======== Records shown ========

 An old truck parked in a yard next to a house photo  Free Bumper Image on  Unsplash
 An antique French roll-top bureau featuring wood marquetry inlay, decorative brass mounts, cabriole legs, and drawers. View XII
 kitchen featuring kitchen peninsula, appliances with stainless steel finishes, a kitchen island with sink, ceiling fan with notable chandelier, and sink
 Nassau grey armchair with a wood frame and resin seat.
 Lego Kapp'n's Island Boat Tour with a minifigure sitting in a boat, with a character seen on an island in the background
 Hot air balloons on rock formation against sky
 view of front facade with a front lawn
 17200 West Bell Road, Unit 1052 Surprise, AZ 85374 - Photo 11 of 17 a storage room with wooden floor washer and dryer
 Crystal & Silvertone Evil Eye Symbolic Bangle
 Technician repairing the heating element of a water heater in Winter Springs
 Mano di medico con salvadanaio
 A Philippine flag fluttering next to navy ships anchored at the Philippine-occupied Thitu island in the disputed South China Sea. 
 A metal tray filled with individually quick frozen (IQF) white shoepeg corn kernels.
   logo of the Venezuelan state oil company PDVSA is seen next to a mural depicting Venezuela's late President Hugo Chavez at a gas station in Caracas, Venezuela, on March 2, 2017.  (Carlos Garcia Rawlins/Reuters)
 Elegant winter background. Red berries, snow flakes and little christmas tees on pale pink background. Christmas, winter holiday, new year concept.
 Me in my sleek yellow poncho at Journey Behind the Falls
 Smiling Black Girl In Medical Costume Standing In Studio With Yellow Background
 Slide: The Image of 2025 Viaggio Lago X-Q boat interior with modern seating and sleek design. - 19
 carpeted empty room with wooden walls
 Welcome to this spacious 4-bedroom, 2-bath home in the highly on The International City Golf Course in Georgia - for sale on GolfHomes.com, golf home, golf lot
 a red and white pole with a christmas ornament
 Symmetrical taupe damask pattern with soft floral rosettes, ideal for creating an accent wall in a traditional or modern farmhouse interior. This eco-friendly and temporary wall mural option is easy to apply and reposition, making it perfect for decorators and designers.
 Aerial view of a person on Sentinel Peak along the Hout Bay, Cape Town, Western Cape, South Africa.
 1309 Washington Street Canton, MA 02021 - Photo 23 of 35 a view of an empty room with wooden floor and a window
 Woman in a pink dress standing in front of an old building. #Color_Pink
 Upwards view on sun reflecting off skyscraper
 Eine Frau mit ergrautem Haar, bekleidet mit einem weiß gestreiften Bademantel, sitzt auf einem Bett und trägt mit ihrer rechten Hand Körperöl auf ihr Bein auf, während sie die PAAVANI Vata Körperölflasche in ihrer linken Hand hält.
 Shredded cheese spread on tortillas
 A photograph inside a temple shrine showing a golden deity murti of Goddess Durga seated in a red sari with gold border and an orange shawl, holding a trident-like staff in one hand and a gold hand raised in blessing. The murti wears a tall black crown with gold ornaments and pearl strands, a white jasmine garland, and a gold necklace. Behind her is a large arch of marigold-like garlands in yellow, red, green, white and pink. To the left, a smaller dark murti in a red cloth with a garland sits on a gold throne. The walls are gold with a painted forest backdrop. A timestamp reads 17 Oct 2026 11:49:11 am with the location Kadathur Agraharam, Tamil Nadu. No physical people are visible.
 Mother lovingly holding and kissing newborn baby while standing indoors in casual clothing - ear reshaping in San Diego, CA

========

## Exercise instructions
There is a run of lines above from the one with "Me in my sleek" to the one with "carpeted empty room with wooden walls"; print exactly that run, both ends included, and nothing else.

## Answer below
 Me in my sleek yellow poncho at Journey Behind the Falls
 Smiling Black Girl In Medical Costume Standing In Studio With Yellow Background
 Slide: The Image of 2025 Viaggio Lago X-Q boat interior with modern seating and sleek design. - 19
 carpeted empty room with wooden walls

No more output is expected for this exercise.